Director Michael Berresse complements Ayckbourn's dry British wit with physical humor, and his blocking makes the garden a place for the characters' double takes, double entendres and just plain doubling over in laughter — or in pain.
Ayckbourn's strength is making us root for these characters, ludicrous though they are. We want Annie to find love and Tom to find Annie. We want Norman's free spirit to run untrammeled and Sarah's uptight rectitude to be torn down. We want Reg to get his game of catch and Ruth to forgive Norman as easily as she forgets him. The playwright supplies the potential, but the actors create the audience's connections to these characters.
David Mason plays the shy Tom as a man who freezes under scrutiny, always looking for a way to disappear but never bold enough to dart for freedom. Mason has a genius for making Tom look oblivious, forcing other characters more or less to chisel a reaction out of him.

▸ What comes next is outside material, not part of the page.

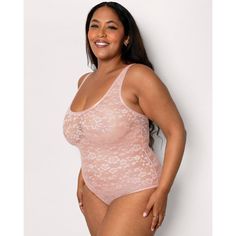 A gorgeous bodysuit with a romantic floral pattern that doesnt show through under your clothes. Soft all-over lace is semi sheer opacity due to the floral design, providing more modest coverage yet still lightweight and breathable. 360 degrees of stretch that supports for easy all-day wear and comfort. This plus size floral lace bodysuit gives you sexy style & ultimate comfort in one. Smooth to the touch, made of one layer of stretch lace with mesh. Bottom hook and eye adjustability makes this b Sleeveless Lace Bodysuit With Lace Closure, Sleeveless Lace Bodysuit With Built-in Bra, Lace Shapewear Bodysuit With Lined Body, Sleeveless Lace Bodysuit With Lined Body, Feminine Lace Bodysuit With Lined Body, Sleeveless Lace Bodysuit, Scoop Neck Bodysuit, Shapewear Tops, Sheer Bodysuit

Jenni Putney uses broad, sloppy grins and grimaces to portray Annie. Shambling about the grounds, she gives up easily on untangling a garden hose, and likewise seems content to let her love life stay knotted in indecision. All of which makes the eventual spark of hope Putney gives her a pleasure to see.
As Reg, Mark Light-Orr is a fountain of small talk who can steadfastly overlook anything interesting around him as he babbles aimlessly. When he's given a chance to contemplate a romantic dalliance of his own, the far-fetched notion seems to strain his imagination to the breaking point.
Caitlin Clouthier plays Sarah as engaged in a constant search for control, even taking on the insects in the garden with a pesticide sprayer of dubious efficacy. When Norman makes a flirtatious overture, Clouthier zigzags from yes to no and back again faster than a skier negotiates a slalom course.
Norman is played by Richard Gallagher, whose Olympian charm and physical goofiness are nicely channeled into both a drunken collapse and a series of coy propositions that devolve into desperate pleas. Convinced of his animal magnetism, he proclaims his life's mission: He only wants to make women happy.
As Ruth, Ashton Heyl conducts a master class in comic frustration. Vanity keeps Ruth from wearing her glasses, and Heyl's rubber-faced squints are pure silliness. When Tom mistakenly believes she's interested in him, Heyl's efforts to set him right are like the last, failed effort to stay balanced in a canoe.
Scenic designer David Arsenault's lushly detailed set is simply enchanting. The theater may be air conditioned, but it's easy to be convinced we're outside an ivy-covered house in an English garden on a hot summer day. Stuart Duke's expert lighting brings out every bit of floral texture, and when moonlight falls over the garden sculpture, we're equally ready for romance or craziness. Costumes by Charles Schoonmaker suit the characters and the period perfectly.
All six actors appear to take immense pleasure in entertaining us. On opening night last Friday, the audience shared the happy mood, laughing easily and settling into the play's sunny pleasure.
Three theaters have given Vermonters a gift this year. They deserve our thanks for the rare chance to see this full comic work, and for all the wit, sputtering, pratfalls and sweet desire to, as Norman says, make us all happy.